There were however a group of students who came from rural Western Australia who had an attitude to Aboriginal people I had not experienced before. They dined out with glee on stories of brutality. I had not then learned of the early stories slaughter and poisoning.

When I moved on to work in the CSIRO people trained in scientific research were in short supply in Australia and the organisation recruited staff from all over world. So it had a multicultural ethos and there was no racism.

Tony Abbott’s Assisted Migration Scheme Application Form 1960

After CSIRO (1956-1986) we moved to rural NSW to Numeralla. I became a hobby farmer, joined local government and became involved in the Reconciliation movement. My wife also became involved in Reconciliation.

The country was divided by debate about Land Rights. Remember that brown map John Howard was fond of displaying, showing white Australians’ backyards being taken over by indigenous people?
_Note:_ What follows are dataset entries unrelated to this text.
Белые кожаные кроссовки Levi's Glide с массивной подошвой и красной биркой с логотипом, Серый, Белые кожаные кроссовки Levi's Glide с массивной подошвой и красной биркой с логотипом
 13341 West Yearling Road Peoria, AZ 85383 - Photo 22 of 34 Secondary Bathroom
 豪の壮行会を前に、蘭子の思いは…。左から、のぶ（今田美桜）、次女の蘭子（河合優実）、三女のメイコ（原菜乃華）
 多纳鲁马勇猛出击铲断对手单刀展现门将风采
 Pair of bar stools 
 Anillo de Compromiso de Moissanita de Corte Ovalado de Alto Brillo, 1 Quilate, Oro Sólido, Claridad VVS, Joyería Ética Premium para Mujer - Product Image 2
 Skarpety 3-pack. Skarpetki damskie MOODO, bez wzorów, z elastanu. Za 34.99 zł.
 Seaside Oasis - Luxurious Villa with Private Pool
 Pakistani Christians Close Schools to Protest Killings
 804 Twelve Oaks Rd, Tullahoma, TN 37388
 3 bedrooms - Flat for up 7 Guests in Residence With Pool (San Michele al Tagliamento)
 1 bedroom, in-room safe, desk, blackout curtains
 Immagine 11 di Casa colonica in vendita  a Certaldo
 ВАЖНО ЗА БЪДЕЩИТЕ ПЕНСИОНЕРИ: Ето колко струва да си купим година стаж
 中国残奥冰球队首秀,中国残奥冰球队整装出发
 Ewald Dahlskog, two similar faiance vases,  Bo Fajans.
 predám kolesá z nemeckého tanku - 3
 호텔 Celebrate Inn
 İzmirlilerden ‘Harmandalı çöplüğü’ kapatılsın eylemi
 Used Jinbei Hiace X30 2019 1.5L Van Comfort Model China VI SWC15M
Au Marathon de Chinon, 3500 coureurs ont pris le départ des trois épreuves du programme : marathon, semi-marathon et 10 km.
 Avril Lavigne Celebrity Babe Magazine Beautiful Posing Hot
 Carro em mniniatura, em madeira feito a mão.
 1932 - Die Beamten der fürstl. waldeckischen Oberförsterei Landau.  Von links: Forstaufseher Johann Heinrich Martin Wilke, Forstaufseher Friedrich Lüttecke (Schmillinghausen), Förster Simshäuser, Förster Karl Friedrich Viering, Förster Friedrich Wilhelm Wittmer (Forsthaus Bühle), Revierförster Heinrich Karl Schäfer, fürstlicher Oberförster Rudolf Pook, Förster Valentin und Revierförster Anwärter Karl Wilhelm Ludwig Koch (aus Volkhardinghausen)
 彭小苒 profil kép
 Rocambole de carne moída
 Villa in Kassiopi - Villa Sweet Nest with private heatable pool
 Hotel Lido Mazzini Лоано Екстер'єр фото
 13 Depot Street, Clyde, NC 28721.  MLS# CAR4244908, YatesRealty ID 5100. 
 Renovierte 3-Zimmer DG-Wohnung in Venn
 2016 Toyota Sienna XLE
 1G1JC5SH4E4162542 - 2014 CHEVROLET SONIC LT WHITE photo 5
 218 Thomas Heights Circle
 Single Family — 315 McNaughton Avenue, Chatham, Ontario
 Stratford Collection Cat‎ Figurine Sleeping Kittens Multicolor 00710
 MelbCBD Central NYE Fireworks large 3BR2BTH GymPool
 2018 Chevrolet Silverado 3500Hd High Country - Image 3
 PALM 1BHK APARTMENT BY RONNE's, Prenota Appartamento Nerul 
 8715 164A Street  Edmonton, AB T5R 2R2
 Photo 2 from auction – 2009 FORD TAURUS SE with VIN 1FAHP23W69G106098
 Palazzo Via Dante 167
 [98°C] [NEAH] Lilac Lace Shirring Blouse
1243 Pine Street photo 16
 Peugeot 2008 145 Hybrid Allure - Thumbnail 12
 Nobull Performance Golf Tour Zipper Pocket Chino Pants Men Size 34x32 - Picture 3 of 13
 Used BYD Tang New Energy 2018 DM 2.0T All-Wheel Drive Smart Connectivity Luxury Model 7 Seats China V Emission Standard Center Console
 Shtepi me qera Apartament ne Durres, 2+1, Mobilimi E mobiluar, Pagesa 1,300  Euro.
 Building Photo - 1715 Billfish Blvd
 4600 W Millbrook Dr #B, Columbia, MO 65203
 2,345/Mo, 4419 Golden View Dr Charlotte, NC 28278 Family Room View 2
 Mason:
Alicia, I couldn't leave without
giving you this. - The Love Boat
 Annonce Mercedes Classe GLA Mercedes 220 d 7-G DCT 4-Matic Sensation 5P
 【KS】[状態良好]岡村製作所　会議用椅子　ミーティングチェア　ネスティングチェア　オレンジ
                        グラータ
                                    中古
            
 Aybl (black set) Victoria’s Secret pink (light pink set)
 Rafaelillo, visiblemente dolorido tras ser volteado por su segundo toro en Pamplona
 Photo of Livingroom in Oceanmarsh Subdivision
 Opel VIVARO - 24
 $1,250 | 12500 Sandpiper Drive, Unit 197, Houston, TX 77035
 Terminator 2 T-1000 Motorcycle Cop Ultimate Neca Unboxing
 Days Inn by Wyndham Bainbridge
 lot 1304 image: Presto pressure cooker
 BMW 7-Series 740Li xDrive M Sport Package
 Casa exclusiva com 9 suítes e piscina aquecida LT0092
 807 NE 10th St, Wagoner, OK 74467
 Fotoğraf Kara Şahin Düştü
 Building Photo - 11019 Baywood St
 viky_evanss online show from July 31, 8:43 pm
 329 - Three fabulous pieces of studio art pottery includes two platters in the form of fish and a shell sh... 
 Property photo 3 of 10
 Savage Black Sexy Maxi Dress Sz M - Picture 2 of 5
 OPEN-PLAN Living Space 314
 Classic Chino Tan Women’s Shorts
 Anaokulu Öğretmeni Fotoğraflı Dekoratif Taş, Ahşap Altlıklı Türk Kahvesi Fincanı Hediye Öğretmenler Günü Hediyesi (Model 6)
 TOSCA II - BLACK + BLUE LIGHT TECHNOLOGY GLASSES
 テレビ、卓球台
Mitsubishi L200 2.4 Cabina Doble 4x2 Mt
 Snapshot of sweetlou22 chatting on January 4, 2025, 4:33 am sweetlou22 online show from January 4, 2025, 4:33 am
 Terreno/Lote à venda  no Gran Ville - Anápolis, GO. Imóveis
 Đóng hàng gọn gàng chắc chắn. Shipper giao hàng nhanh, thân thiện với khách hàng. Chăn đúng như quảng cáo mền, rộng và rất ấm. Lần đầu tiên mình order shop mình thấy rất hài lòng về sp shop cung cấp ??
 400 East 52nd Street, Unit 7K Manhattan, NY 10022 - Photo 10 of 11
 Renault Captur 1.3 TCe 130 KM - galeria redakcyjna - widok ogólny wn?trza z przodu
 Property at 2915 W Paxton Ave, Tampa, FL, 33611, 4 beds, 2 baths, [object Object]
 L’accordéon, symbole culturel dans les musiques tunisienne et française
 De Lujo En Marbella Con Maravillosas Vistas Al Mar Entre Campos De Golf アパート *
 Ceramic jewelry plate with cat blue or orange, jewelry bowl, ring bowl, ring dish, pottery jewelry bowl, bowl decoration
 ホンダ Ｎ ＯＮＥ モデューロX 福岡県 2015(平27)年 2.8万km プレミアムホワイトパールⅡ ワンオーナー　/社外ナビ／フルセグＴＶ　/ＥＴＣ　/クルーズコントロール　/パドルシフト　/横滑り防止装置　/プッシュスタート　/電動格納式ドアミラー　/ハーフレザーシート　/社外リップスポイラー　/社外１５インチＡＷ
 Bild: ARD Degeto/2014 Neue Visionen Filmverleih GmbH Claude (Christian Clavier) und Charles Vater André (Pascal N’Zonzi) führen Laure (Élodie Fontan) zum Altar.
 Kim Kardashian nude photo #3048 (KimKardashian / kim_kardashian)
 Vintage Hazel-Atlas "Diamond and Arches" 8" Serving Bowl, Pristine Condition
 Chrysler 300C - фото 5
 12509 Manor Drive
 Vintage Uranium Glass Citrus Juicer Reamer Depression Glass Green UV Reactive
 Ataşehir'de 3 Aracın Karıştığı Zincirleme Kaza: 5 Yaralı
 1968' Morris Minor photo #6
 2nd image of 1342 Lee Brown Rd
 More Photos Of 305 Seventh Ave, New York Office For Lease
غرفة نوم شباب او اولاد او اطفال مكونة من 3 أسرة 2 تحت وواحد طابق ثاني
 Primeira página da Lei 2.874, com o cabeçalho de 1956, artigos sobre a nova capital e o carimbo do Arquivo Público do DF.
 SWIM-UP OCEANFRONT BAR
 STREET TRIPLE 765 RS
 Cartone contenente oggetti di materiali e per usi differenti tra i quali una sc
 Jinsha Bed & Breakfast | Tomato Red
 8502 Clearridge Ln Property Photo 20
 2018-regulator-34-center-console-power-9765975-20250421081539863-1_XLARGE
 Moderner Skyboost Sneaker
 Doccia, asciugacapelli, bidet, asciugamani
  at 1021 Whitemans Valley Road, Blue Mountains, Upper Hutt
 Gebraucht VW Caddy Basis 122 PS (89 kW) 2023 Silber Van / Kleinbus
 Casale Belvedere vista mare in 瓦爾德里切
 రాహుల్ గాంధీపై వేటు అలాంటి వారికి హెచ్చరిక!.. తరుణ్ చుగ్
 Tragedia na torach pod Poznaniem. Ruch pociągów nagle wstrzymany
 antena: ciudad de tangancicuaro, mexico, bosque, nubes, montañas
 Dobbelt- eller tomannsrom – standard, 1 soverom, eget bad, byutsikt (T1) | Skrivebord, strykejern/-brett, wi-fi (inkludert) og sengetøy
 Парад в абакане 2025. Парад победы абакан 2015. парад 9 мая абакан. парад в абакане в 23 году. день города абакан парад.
In Cooma and nearby Numeralla there was similar division in he community. A small Reconciliation group had been formed and on occasion a stand was set up in the local park on market day. My wife was one of those who manned the stand with leaflets and a “Sorry Book”. She was warned by a person we had thought to be a friend that such activity was not welcomed. The warning was ignored and a few weeks later she was handed a note from the KKK telling her to stop. Instead she went to the police and the local paper. The problem stopped.

http://www.youtube.com/watch?v=Rq0yib40KcI

I have worked for UNESCO in many countries and was a firm believer in all peoples living together in harmony. Australia’s multicultural approach is terrific. We all benefit.

What makes some of us behave antagonistically towards people from other countries at this time?

The early gold riots were understandable. People felt their living was being stolen by foreigners.

That attitude lived on, encouraged by legislation and the White Australia Policy. I recall furniture stamped “Made by European Labour”. The thought was drummed into the population.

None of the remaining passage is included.